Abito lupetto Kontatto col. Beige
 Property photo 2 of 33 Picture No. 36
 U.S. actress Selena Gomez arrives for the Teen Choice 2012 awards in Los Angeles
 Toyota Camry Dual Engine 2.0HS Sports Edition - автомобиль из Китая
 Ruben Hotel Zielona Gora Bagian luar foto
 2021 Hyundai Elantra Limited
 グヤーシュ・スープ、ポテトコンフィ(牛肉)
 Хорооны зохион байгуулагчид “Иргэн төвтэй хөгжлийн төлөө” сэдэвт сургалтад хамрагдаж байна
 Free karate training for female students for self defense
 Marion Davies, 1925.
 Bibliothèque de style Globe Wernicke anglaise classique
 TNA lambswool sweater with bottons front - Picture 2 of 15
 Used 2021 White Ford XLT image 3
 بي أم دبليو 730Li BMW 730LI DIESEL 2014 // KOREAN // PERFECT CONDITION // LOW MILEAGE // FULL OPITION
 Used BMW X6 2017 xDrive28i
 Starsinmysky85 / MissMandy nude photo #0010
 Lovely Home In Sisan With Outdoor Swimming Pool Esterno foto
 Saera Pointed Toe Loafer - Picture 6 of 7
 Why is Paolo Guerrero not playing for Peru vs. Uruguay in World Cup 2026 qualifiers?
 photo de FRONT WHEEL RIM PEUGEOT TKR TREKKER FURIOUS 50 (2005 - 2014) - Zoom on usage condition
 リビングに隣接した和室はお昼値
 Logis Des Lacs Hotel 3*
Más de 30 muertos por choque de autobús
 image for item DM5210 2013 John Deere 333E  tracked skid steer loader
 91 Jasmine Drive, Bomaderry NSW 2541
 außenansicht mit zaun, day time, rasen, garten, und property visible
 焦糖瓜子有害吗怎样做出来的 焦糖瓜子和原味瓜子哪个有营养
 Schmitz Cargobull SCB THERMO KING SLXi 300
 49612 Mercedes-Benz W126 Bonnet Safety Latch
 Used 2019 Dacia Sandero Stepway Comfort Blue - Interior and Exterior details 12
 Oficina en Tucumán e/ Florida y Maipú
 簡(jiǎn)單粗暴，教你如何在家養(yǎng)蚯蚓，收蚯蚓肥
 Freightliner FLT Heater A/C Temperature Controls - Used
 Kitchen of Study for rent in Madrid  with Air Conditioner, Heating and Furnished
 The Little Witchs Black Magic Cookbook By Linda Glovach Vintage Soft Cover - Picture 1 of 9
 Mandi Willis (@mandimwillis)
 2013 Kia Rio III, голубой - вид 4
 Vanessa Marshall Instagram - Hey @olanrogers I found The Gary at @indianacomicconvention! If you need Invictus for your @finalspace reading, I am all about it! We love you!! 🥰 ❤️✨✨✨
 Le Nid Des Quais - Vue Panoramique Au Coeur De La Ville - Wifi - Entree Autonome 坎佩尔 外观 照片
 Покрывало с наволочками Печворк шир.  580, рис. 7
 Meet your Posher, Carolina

* Task instructions *
Set down again, word for word, the stretch of records from the line with "Más de 30 muertos por choque de autobús" to the line with "焦糖瓜子有害吗怎样做出来的 焦糖瓜子和原味瓜子哪个有营养", both of those lines included.

* Written answer *
Más de 30 muertos por choque de autobús
 image for item DM5210 2013 John Deere 333E  tracked skid steer loader
 91 Jasmine Drive, Bomaderry NSW 2541
 außenansicht mit zaun, day time, rasen, garten, und property visible
 焦糖瓜子有害吗怎样做出来的 焦糖瓜子和原味瓜子哪个有营养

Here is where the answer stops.